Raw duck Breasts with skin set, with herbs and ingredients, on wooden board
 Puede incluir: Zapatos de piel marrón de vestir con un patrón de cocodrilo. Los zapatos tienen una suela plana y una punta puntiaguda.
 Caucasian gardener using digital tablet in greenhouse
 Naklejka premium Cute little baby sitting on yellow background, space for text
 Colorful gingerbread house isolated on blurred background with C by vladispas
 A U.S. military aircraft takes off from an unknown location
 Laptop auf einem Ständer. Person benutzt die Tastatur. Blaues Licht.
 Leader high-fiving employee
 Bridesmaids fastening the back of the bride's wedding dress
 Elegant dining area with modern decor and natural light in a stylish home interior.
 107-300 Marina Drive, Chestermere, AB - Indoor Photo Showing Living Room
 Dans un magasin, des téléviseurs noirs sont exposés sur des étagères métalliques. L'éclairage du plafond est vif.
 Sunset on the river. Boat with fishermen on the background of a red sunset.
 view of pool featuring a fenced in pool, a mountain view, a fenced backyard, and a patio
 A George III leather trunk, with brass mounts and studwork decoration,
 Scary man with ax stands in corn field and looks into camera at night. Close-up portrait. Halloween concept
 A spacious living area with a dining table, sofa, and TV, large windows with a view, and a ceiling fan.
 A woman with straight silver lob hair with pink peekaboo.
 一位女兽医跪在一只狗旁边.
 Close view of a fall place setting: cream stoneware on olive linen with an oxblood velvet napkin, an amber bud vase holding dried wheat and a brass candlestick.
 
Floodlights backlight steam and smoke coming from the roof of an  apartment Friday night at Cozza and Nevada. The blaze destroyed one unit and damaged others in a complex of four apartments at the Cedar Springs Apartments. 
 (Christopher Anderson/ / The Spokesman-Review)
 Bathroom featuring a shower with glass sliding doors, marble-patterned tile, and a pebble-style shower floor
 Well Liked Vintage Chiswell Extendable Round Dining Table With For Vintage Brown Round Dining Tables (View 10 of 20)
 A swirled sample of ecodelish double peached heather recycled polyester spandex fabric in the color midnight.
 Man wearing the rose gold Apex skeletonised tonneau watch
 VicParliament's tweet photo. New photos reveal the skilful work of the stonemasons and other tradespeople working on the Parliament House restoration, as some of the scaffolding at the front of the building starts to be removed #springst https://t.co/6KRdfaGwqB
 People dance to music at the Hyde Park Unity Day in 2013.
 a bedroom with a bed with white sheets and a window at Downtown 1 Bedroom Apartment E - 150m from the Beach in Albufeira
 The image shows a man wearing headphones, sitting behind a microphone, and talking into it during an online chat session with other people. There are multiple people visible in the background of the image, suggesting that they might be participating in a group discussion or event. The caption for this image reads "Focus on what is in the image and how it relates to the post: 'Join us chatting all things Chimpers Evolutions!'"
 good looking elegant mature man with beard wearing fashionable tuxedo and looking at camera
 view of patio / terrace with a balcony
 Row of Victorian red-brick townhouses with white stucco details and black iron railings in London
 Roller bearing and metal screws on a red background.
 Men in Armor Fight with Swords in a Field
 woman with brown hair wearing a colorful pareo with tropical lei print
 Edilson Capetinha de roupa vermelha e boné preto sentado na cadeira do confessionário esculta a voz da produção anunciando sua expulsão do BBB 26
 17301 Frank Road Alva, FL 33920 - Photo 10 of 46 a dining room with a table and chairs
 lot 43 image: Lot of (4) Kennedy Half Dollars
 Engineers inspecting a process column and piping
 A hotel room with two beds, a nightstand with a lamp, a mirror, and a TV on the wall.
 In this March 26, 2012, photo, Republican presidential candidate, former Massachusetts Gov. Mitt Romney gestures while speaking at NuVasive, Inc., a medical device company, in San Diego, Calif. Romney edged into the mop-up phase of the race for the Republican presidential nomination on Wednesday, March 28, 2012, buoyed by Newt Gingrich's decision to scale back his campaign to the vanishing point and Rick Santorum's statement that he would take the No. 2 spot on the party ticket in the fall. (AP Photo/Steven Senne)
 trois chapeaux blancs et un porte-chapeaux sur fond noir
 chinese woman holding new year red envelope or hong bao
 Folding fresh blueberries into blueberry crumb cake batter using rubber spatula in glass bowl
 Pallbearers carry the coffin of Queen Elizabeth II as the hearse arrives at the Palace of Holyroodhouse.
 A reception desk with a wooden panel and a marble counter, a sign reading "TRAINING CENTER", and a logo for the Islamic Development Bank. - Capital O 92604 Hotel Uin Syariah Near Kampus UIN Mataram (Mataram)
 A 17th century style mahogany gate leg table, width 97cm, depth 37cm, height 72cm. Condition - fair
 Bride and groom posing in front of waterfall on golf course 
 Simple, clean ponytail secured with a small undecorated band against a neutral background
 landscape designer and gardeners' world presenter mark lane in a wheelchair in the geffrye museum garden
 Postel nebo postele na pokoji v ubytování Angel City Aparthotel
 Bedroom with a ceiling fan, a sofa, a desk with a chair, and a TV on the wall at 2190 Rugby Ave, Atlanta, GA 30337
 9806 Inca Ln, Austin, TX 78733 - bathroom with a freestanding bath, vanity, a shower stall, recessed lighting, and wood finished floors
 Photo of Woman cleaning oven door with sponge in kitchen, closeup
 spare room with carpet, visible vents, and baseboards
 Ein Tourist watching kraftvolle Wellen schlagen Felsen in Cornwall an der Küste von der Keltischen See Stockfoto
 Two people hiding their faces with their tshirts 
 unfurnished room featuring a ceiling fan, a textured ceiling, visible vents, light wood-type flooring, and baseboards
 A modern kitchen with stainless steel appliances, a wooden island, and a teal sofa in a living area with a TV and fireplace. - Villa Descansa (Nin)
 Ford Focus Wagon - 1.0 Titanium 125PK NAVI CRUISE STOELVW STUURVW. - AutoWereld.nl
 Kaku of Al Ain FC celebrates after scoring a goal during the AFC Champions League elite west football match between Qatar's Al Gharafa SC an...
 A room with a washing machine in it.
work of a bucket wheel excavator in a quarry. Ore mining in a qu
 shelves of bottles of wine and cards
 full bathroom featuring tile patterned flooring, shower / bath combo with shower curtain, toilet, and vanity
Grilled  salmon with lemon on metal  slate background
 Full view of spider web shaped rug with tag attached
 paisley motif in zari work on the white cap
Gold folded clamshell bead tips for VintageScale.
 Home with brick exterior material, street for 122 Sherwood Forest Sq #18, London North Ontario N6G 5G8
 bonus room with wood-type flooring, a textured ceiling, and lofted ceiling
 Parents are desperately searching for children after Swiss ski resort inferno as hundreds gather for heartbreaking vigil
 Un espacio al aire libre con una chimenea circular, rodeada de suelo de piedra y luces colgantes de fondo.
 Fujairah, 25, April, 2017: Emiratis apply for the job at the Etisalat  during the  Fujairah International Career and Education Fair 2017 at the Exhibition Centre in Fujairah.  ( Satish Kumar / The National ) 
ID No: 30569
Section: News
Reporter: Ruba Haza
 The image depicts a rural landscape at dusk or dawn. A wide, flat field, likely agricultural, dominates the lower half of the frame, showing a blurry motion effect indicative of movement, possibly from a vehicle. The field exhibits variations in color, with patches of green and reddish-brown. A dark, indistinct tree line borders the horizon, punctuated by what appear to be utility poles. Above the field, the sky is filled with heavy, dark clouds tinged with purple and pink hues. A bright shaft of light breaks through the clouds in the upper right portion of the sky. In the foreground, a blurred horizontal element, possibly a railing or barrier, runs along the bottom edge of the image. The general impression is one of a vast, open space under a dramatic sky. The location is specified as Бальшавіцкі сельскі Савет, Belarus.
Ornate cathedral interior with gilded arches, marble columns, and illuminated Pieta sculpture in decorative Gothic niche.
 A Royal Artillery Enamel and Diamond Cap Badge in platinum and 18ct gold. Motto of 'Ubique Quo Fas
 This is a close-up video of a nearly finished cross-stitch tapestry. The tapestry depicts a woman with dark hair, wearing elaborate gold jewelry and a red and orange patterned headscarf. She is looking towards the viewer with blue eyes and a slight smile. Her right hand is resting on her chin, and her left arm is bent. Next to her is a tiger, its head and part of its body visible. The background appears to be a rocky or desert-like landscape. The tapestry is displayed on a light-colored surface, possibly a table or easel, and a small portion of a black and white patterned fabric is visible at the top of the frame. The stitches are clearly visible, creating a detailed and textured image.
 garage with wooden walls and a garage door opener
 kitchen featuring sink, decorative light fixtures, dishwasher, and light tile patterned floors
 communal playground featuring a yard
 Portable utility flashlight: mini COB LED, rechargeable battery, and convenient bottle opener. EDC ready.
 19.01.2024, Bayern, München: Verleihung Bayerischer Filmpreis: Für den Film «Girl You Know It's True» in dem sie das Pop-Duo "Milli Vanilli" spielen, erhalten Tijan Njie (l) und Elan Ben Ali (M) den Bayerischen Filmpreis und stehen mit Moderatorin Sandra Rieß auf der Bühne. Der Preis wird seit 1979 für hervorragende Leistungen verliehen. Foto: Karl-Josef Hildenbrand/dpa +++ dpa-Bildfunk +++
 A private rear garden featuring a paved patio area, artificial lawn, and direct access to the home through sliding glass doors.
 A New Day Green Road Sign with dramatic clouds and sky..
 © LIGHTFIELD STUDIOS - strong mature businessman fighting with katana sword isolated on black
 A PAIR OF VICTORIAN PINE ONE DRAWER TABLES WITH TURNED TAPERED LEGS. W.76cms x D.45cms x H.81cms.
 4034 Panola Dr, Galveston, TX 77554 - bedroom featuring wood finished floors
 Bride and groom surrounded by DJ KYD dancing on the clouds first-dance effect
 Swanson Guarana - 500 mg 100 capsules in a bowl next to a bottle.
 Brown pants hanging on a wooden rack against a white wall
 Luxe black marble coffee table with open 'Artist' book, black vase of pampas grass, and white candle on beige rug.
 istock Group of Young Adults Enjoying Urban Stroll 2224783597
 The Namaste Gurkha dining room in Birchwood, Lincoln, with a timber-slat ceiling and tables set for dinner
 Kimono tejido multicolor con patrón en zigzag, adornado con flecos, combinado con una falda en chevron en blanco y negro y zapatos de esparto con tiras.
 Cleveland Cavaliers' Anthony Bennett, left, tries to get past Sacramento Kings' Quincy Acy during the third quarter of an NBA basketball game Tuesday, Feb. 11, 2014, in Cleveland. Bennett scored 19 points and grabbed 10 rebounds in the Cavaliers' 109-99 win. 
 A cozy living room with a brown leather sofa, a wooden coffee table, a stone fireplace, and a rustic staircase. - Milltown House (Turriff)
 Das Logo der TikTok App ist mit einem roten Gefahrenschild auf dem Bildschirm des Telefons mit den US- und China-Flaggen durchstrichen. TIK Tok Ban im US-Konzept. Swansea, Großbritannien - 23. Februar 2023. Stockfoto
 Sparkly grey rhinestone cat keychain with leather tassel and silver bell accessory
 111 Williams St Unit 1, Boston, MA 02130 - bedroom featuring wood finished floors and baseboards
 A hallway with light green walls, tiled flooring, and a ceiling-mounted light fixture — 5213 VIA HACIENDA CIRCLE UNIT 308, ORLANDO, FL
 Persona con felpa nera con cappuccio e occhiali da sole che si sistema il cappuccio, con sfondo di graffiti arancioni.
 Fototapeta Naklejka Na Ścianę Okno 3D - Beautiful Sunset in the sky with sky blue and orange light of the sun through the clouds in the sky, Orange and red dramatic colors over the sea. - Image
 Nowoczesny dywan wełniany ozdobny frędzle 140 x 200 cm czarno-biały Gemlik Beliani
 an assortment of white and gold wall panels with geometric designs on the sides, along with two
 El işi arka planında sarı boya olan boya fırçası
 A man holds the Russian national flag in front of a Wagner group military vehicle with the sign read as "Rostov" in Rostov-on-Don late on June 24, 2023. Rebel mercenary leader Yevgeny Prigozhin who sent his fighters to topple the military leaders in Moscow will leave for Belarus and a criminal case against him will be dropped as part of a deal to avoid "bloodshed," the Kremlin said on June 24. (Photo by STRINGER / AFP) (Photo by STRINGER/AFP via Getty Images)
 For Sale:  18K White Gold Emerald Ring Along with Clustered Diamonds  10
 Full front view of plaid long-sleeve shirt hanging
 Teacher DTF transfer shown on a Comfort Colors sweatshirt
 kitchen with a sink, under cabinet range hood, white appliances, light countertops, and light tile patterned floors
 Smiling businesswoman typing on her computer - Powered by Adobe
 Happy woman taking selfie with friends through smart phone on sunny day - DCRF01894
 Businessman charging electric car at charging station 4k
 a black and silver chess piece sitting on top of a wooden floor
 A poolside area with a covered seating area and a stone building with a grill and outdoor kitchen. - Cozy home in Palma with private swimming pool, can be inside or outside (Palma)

——————

◆ **TASK PROMPT**
Quote the listing above from its first line to the line with "Close view of", inclusive, and add nothing.

◆ **ANSWER TO THIS EXERCISE**
Raw duck Breasts with skin set, with herbs and ingredients, on wooden board
 Puede incluir: Zapatos de piel marrón de vestir con un patrón de cocodrilo. Los zapatos tienen una suela plana y una punta puntiaguda.
 Caucasian gardener using digital tablet in greenhouse
 Naklejka premium Cute little baby sitting on yellow background, space for text
 Colorful gingerbread house isolated on blurred background with C by vladispas
 A U.S. military aircraft takes off from an unknown location
 Laptop auf einem Ständer. Person benutzt die Tastatur. Blaues Licht.
 Leader high-fiving employee
 Bridesmaids fastening the back of the bride's wedding dress
 Elegant dining area with modern decor and natural light in a stylish home interior.
 107-300 Marina Drive, Chestermere, AB - Indoor Photo Showing Living Room
 Dans un magasin, des téléviseurs noirs sont exposés sur des étagères métalliques. L'éclairage du plafond est vif.
 Sunset on the river. Boat with fishermen on the background of a red sunset.
 view of pool featuring a fenced in pool, a mountain view, a fenced backyard, and a patio
 A George III leather trunk, with brass mounts and studwork decoration,
 Scary man with ax stands in corn field and looks into camera at night. Close-up portrait. Halloween concept
 A spacious living area with a dining table, sofa, and TV, large windows with a view, and a ceiling fan.
 A woman with straight silver lob hair with pink peekaboo.
 一位女兽医跪在一只狗旁边.
 Close view of a fall place setting: cream stoneware on olive linen with an oxblood velvet napkin, an amber bud vase holding dried wheat and a brass candlestick.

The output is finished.